## Exercise
What you return should be the entries, unchanged, without their pictures.

(Material for this exercise begins)

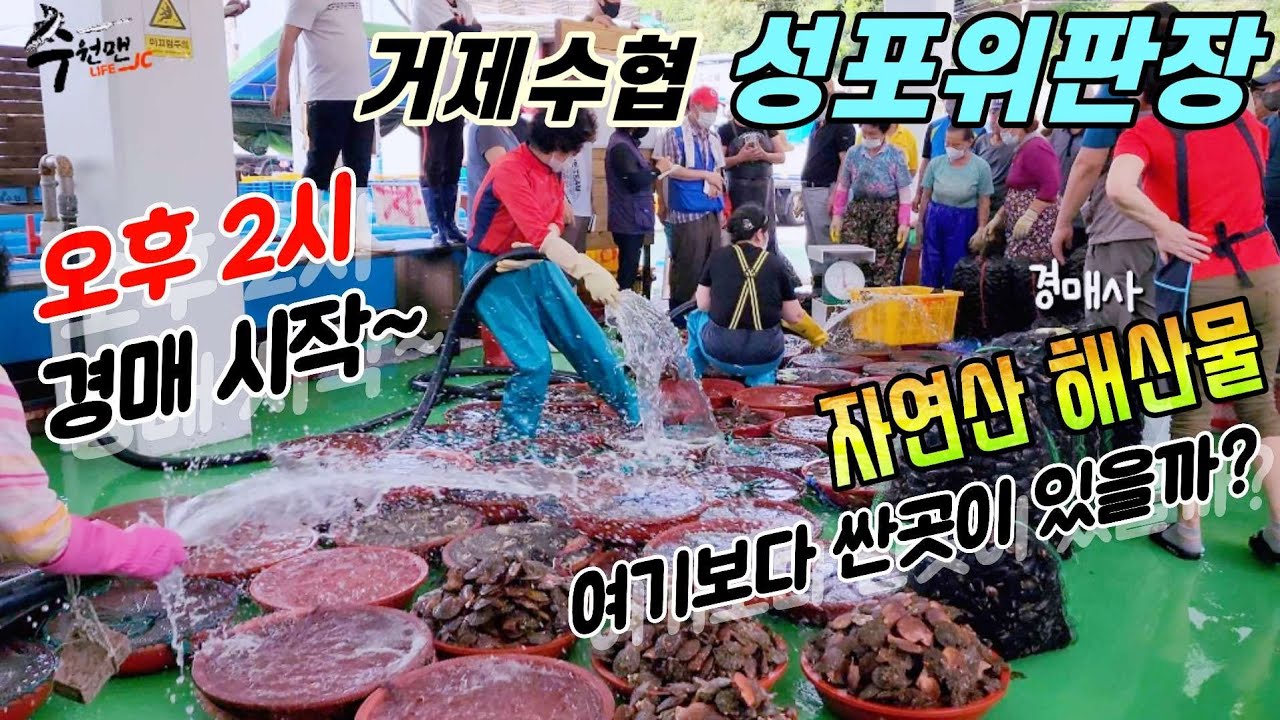 ♧거제 성포위판장[휴가철 어시장탐방 #1]오후2시 경매시작~구경만해도 재미있는 어시장! 보리새우 왕우럭조개 대박세일~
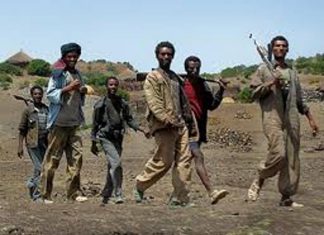 الجيش: استشهاد مواطنَيْن في اعتداء نفذه مسلحون اثيوبيون الجيش: استشهاد مواطنَيْن في اعتداء نفذه مسلحون اثيوبيون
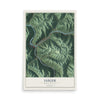 Map of Iaeger, West Virginia, 12 x 18 inch unframed archival matte print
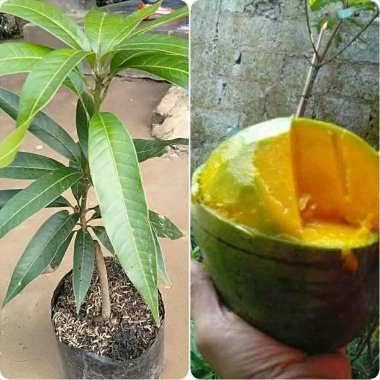 Bibit / Pohon Mangga Kelapa Super Unggul Cepat Berbuah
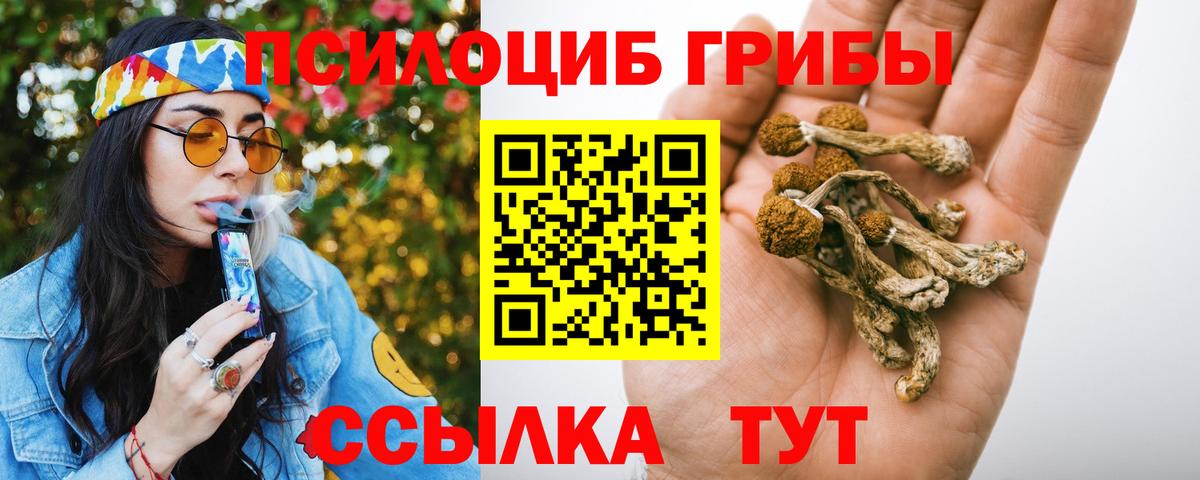 Псилоцибиновые грибы прущие грибы Сланцы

(Material for this exercise ends)

## Answer space
 ♧거제 성포위판장[휴가철 어시장탐방 #1]오후2시 경매시작~구경만해도 재미있는 어시장! 보리새우 왕우럭조개 대박세일~
 الجيش: استشهاد مواطنَيْن في اعتداء نفذه مسلحون اثيوبيون الجيش: استشهاد مواطنَيْن في اعتداء نفذه مسلحون اثيوبيون
 Map of Iaeger, West Virginia, 12 x 18 inch unframed archival matte print
 Bibit / Pohon Mangga Kelapa Super Unggul Cepat Berbuah
 Псилоцибиновые грибы прущие грибы Сланцы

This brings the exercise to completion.